Every time I open up my game industry newsfeed the word Hyper Casual is featured front and center. The biggest publishing/development name associated with Hyper Casual games right now is Voodoo. Their games have millions of downloads and enough revenue to make a small country jealous of their achievements. But why? Why are Voodoo games so popular?
Your Answer Upfront:
Voodoo Games or Hyper Casual games are popular due to the simplicity of their design. The games require no introduction, no tutorial and feature instant-feedback to any action while requiring very little thought. The gameplay is repeatable, almost consequence-free and extremely satisfying, offering instant gratification to the player during their short play session.
In this article we’ll look at Hyper Casual games and explain what they are, where they came from and what sparked the second gold rush in mobile gaming’s history. We’re also going to talk a bit about the principles behind Hyper Casual game design. By the end of this article you should have a pretty good idea why Hyper Casual games are so popular.
What Are Hyper Casual Games?
Hyper Casual games are a “new” breed of casual games. In short, you can think of them as the most casual games available in the casual genre. The design goal behind hyper casual games is that you need to understand how to play the game without any instructions or tutorials.
They usually feature extremely simple mechanics that can be understood instantly:
- Move your finger on the screen to control the character and dodge the enemies.
- Swipe up on the screen to launch the vehicle off a cliff.

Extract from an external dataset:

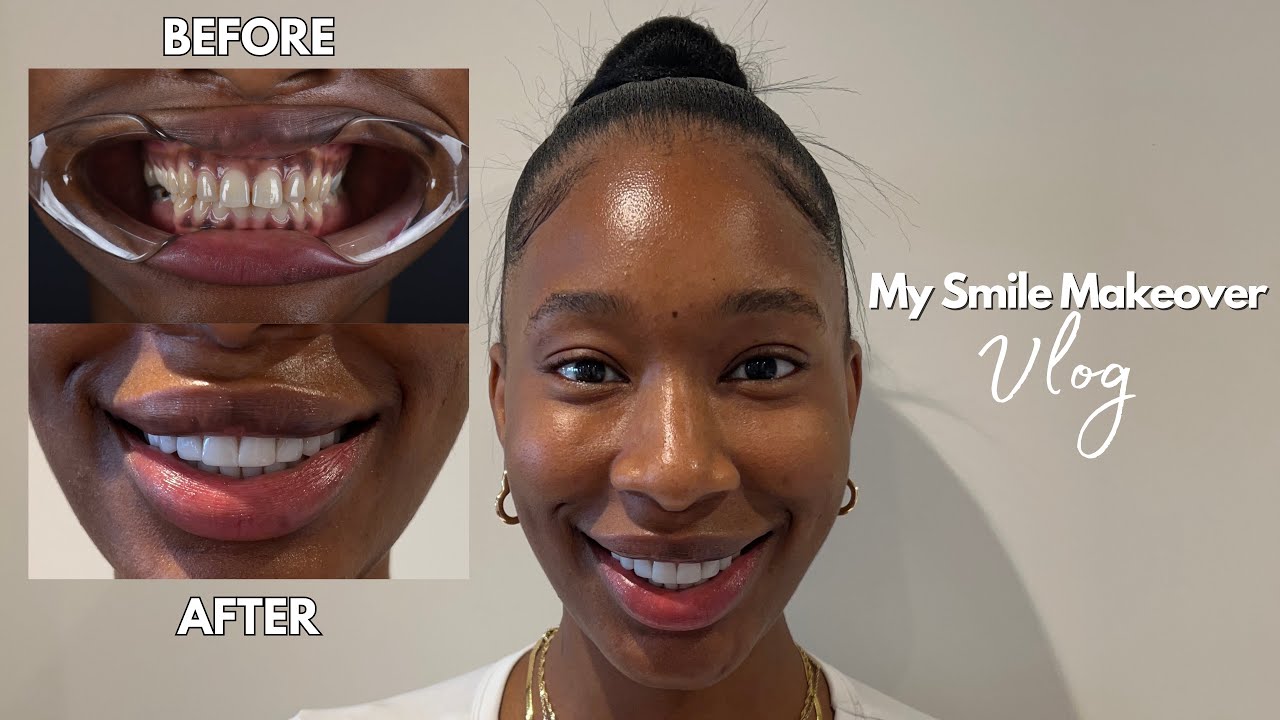 I GOT MY TEETH DONE IN TURKEY WITH MINIMAL SHAVING | The Process | Cost $$$ | SMILE MAKEOVER | Vlog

- Tap the screen to make the bird jump.
Hyper Casual games are the anti-gamer games, designed for people who never experienced a game before and they thrive in a market dominated by people who are on their first interaction with a computing device (the smartphone).
What is the Difference Between Casual and Hyper Casual Games?
Casual games can have really in-depth mechanics that require a lot of thought and attention accorded to them. If you think casual games are easy, try to beat the final stages of Frozen: Free Fall or Candy Crush Saga. You need to understand what the environmental blockers do, how to stop snow cubes from spawning and how to unlock tiles via matches.
Hypercasual games, in contrast, are a lot more forgiving and lenient. Depth is skewed in favor of simplicity and instant gratification. There’s a saying in the Hyper Casual industry: If the player can lose, then he can get frustrated and quit the game early. And that’s a big no no.
Let’s look at how Hyper Casual games came to be and how exactly they managed to carve their own niche inside of the casual game’s market. We’ll start by looking at casual games first and then talk about that one game we all know that sparked this new gold rush in our beloved mobile gaming industry.
Casual Games Galore
The history of casual games dates back to the birth of the industry. Games never started out as something hardcore only and then sprang up to offer more casual versions.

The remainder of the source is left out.